# STORED DATA
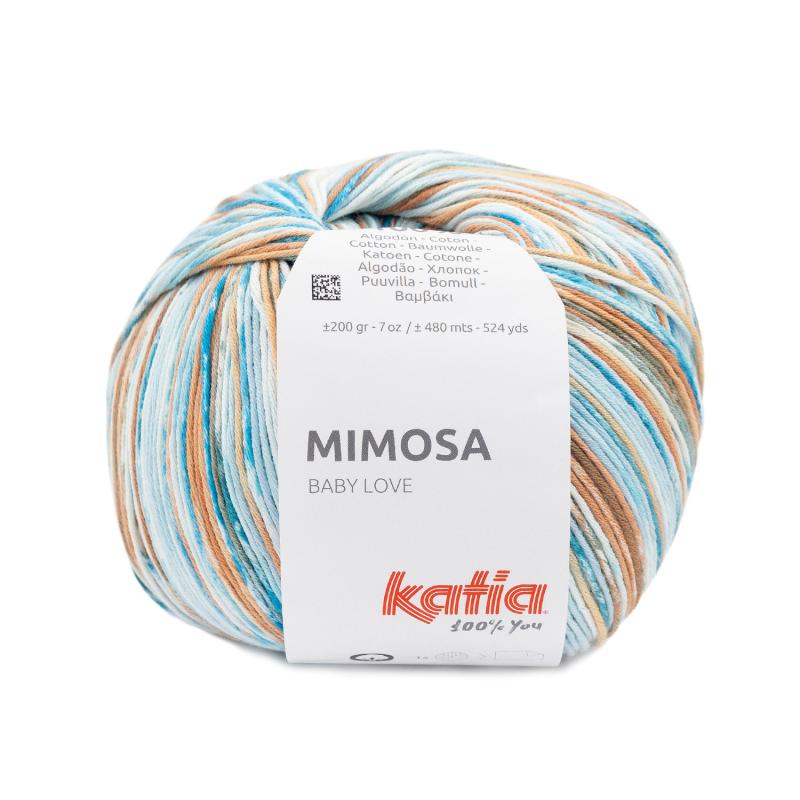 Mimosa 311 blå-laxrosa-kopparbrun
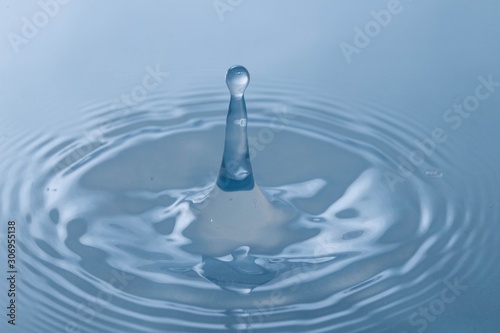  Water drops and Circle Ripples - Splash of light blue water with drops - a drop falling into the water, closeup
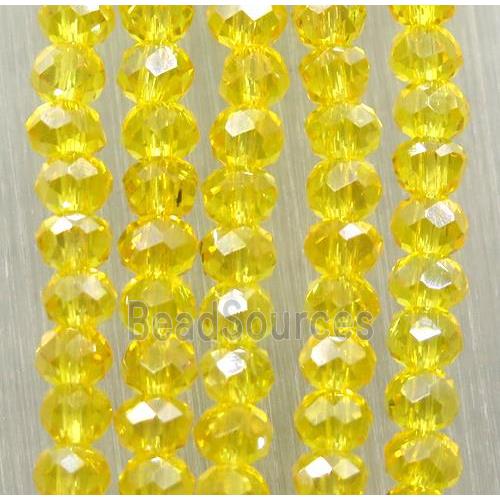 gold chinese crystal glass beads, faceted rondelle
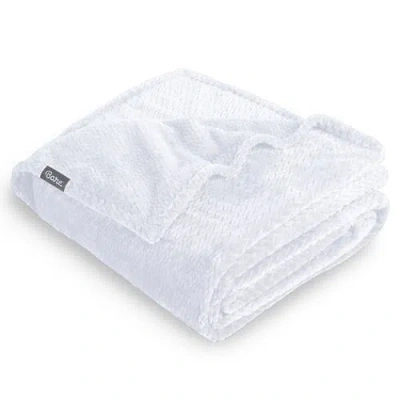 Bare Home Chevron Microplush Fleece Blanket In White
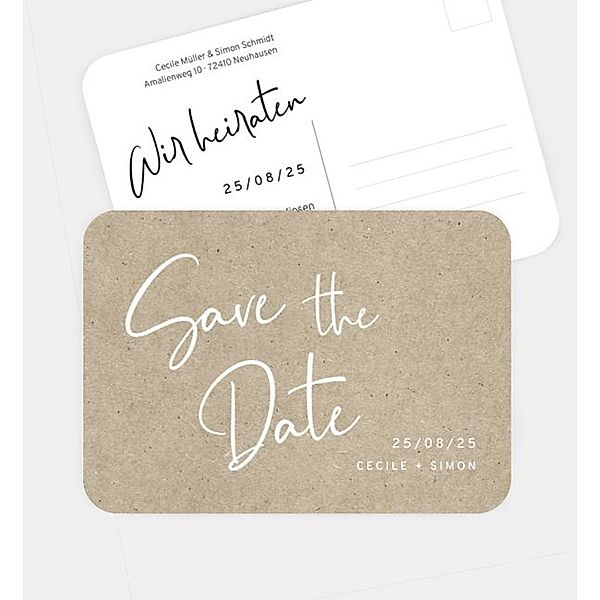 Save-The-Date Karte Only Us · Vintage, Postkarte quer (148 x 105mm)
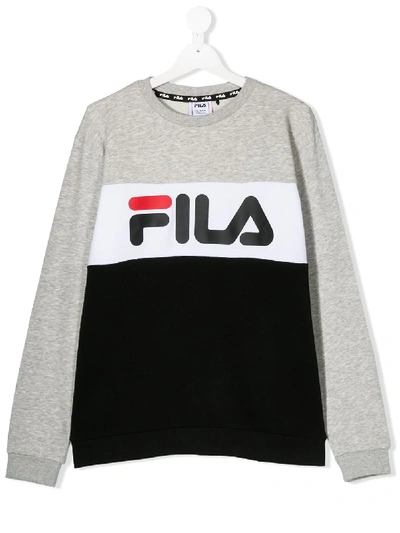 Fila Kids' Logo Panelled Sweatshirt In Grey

# PROBLEM REQUIREMENTS
Word for word, restate the lines above from the one with "Water drops and" through the one with "Save-The-Date Karte Only", keeping both ends and dropping the pictures.

# ANSWER FOR THE TASK
  Water drops and Circle Ripples - Splash of light blue water with drops - a drop falling into the water, closeup
 gold chinese crystal glass beads, faceted rondelle
 Bare Home Chevron Microplush Fleece Blanket In White
 Save-The-Date Karte Only Us · Vintage, Postkarte quer (148 x 105mm)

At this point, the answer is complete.